I have a DAG set up between 2 Exchange servers at 2 different sites, connected via a dedicated gigabit circuit. For some reason, every so often, the remote host will get removed from the active failover cluster membership (even though its online), then the two Exchange servers will get into a fight over who's the primary (event logs report that the "File Share Witness failed to arbitrarte for the file share", the file share does exist and the Exchange Trusted Subsystem does have admin rights on that box and on that share but the DAG setup box reports that it does not).
then all the user's get prompted for a password and sometimes the entire thing goes down for a few minutes. Even Public Folders get knocked offline sometimes.

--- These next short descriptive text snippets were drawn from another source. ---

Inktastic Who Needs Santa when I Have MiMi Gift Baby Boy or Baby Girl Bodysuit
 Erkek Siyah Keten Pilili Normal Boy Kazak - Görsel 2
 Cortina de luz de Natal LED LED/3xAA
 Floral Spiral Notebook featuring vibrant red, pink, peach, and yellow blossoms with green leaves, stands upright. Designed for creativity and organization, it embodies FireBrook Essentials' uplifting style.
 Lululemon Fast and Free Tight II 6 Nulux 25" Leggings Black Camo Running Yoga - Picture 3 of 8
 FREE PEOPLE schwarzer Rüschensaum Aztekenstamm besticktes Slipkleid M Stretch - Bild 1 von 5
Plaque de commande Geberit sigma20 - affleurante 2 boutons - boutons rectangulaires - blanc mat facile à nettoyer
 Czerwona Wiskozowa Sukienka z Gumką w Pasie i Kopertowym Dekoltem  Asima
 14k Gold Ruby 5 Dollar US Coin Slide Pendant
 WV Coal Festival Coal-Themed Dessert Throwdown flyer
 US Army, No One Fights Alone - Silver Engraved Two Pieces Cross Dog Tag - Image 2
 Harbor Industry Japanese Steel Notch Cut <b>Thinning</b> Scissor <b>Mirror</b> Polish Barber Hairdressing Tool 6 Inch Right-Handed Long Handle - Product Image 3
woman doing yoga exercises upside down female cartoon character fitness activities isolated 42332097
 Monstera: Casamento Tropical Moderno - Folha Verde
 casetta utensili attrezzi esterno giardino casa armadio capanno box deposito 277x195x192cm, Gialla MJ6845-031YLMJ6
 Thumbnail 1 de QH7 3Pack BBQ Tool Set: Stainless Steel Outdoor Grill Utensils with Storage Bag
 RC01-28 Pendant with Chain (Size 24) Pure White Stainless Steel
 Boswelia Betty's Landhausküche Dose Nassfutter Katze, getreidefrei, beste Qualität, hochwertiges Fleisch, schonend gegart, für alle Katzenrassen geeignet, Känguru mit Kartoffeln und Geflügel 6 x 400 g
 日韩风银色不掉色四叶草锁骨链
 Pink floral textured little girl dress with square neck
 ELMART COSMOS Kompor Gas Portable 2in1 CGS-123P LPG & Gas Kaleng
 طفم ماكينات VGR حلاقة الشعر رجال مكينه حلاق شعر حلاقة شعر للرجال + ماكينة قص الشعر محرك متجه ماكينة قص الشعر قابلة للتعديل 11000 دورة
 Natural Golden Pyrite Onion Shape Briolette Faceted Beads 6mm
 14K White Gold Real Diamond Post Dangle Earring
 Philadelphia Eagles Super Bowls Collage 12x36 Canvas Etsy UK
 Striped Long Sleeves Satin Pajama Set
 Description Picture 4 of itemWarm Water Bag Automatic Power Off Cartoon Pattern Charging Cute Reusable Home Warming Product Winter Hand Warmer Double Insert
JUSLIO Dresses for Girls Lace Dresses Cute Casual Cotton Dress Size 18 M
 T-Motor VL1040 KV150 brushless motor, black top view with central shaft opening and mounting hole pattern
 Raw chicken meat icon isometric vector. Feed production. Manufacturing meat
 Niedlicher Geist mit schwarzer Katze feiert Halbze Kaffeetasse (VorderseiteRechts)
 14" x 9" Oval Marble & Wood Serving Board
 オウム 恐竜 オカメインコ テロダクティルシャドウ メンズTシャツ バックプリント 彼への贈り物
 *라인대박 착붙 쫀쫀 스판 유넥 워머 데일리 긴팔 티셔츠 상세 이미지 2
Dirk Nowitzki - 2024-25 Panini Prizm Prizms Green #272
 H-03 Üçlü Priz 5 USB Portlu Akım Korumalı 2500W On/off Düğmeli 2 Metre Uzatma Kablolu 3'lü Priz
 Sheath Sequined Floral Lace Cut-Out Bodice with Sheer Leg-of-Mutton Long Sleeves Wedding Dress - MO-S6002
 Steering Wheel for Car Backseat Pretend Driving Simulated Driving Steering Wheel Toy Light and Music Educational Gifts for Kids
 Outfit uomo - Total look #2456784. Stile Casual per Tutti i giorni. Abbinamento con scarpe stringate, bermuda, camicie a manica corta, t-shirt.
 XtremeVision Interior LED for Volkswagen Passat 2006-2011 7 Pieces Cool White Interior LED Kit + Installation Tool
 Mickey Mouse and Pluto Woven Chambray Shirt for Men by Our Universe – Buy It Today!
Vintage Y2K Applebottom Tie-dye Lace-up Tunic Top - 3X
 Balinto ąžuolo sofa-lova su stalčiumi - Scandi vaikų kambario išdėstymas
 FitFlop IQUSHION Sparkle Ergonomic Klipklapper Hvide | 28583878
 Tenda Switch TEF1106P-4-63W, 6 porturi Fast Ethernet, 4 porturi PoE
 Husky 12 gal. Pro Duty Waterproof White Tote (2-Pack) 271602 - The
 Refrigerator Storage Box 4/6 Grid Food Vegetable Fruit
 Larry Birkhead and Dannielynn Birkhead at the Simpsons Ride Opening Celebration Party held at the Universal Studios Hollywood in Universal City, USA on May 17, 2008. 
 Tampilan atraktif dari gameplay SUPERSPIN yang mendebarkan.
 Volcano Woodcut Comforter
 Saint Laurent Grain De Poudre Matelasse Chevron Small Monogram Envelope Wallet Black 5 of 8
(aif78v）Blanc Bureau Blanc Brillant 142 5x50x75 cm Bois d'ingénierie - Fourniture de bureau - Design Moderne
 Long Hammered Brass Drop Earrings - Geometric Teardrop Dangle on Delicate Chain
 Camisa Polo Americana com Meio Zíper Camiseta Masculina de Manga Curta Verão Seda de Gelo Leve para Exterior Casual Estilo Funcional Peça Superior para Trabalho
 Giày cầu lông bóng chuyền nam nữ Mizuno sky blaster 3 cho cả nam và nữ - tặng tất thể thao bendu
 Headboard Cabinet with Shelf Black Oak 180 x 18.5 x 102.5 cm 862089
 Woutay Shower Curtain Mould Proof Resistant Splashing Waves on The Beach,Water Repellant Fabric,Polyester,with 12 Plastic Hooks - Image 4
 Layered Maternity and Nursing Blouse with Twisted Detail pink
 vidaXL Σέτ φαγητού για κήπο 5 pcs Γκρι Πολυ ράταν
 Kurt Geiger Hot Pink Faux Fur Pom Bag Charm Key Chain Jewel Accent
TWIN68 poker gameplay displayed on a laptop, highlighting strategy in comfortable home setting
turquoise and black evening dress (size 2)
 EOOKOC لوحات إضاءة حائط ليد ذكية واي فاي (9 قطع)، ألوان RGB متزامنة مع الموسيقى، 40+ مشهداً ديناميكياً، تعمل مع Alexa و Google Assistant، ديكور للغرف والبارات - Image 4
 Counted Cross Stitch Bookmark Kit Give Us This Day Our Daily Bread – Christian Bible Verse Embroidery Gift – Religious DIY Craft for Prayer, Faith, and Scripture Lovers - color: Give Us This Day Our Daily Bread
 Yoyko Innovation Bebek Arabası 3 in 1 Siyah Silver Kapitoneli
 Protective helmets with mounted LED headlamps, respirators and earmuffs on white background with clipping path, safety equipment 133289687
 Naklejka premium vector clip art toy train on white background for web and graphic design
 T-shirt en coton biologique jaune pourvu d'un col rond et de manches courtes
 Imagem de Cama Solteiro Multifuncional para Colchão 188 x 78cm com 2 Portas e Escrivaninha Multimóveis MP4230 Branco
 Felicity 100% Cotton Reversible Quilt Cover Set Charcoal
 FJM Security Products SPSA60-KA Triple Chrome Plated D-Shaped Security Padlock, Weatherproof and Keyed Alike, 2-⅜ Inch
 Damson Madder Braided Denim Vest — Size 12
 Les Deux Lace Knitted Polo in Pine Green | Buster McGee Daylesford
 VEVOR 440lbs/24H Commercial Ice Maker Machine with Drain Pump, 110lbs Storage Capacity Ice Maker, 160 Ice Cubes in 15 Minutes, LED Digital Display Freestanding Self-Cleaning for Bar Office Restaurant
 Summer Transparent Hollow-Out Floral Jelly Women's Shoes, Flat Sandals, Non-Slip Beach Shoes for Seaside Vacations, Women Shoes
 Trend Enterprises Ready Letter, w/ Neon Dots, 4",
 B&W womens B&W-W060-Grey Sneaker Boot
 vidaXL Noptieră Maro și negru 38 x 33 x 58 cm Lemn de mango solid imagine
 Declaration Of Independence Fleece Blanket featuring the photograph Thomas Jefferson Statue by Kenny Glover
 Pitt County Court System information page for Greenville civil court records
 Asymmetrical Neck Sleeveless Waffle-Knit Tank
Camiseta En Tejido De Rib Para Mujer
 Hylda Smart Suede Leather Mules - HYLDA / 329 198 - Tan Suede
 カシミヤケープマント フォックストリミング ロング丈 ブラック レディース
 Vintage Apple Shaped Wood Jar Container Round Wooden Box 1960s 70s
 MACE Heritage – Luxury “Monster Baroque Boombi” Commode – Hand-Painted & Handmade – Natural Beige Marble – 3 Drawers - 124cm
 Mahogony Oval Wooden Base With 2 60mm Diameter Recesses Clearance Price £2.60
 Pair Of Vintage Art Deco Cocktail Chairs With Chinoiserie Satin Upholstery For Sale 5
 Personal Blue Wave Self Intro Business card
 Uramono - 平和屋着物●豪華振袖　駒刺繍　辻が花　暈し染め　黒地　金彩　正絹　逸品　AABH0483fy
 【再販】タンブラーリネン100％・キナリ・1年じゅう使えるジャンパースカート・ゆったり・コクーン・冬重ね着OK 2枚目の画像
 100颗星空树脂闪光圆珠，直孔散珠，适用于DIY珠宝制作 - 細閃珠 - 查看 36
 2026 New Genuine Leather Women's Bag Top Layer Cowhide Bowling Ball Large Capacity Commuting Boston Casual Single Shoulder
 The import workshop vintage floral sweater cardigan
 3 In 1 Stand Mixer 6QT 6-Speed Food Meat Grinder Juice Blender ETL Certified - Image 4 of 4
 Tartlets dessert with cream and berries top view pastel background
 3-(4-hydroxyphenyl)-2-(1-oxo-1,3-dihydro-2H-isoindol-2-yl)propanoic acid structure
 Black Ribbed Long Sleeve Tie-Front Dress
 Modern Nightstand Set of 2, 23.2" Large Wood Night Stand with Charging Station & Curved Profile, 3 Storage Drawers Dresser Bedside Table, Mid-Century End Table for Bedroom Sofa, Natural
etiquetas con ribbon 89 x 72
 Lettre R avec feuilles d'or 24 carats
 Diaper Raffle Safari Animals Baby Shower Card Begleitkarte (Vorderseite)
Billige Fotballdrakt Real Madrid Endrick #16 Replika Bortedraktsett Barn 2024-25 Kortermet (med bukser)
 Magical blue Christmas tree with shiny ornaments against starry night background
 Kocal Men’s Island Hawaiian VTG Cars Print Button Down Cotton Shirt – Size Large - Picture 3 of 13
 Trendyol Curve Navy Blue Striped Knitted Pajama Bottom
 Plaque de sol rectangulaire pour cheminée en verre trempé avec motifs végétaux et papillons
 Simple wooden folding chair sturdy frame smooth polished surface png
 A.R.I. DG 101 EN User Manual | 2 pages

Its reporting that there are 3 different subnets (an access subnet, the iSCSI subnet, and a non-routable IPv6 subnet) and I have replication disabled on all but the access subnet. This is the same subnet where the DAG has its IP addresses (I gave it 2). Replication is disabled on the other two subnets.
Anyone run into this issue before?
Turns out this was a known issue with Exchange 2010, here's more information Exchange Team Blog
Try raising the default heartbeat limits.
http://technet.microsoft.com/en-us/library/dd197562%28WS.10%29.aspx
I would suggest 25 seconds for local servers and 50 seconds for WAN connections. This should help. If you use storage arrays and VMware and perform storage scans, it will cause fail-overs. If you use jumbo frames on iSCSI that is seen by your MAPI network, it can cause them. There are many reasons. I would start there.